I start at 2:30, when the town is beginning to stir after avoiding the hottest time of the day from 11AM on (98 degrees by 10 AM, actual measurement). The sounds heard while walking through town are an experience: a cover of Bob Marley’s “Buffalo Soldiers” sung in Arabic, harpsicord music, Ghanaian patriotic songs, family arguments and “Frosty the Snowman.” Children and younger men and women try out their limited English (the official language, Ghana has a couple dozen languages but no one understands them all) on the funny white man.

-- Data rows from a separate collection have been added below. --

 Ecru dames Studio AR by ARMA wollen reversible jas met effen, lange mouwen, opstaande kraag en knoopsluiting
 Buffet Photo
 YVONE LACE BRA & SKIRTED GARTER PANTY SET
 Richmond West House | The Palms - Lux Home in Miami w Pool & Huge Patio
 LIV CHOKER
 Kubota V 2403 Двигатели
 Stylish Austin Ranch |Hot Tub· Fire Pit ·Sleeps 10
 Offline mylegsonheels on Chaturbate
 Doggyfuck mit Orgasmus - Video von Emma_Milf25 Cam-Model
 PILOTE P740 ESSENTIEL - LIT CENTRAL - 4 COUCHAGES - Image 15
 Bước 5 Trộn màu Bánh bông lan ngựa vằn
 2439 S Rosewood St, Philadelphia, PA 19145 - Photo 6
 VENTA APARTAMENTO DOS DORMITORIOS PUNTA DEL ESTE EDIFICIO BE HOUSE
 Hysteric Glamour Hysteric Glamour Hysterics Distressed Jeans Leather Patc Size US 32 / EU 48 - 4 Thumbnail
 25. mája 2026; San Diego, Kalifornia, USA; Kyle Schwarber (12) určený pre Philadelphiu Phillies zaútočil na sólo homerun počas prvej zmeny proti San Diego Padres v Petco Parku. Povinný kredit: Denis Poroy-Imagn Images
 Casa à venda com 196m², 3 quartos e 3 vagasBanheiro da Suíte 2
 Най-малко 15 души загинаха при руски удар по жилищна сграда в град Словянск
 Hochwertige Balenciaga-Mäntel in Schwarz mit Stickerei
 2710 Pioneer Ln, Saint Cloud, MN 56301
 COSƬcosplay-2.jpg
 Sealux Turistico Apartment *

If anyone passes close it is important to acknowledge them with a greeting. The response to any greeting is “N-aaah” which mostly means “I acknowledge your greeting.” Dodging leaky and, at times, truculent goats, the odd pig, chickens, motorcycles and motorcycle-energized two-wheel carts takes a certain dedication of purpose. I pass three mosques and three churches. The smells of the town waft back and forth: grilling meat, wood smoke, fetid aromas, dust, humanity, and gasoline. Most of the commerce is motorcycle carts selling 50 gallon drums of water as well as the ubiquitous plastic water packets containing about 8 oz. of filtered water. The discarded packets for Bisvel Water are everywhere. I am able to get up to the Via Gambaga within 25 minutes and know to turn west on the road to get to the reservoir. This affair is probably 20 acres and about 6-10 feet deep. You do not drink from it. Potable water is Bisvel Water or wells, some dug by my friend Tommy (see a Day with Tommy in this blog).
Once I get within range of the reservoir, I find a way to cross the small outflow downstream from the earthen dam without confronting some pigs, hock deep in the mud and looking proprietary about it. I have no idea where “The Wall” it is except “near the reservoir.” I start to circle the lake, about a three mile circuit. Luckily within about a half mile I find the best preserved specimen (pictured). The highest segments are only about 7 feet high but the plan is massive.
The wall is made of an odd concrete-like adobe made in a huge circle. It was constructed using slave labor to safeguard the slave trade. At the time of its construction, Queen Ann was ruler of America. America was three generations from its conception. Ghana was old even then, old and civilized and it had been for a millennium.

I came back through town on a parallel road, passed the Niyiri’s digs, very impressive in a concrete and steel sort of way and stopped near the (Bus) Station because my purpose-bought phone would not recognize the sim card I bought for it just last week. The Vodaphone shop was nearly empty this late in the day (5:30 PM) and the young proprietor motioned me forward almost immediately. I showed him the “no SIM card” warning and he opened up the back, turned the card over and gave me a long hard look before he closed things up again. All fixed. He refused to take any money. I wish he had  not.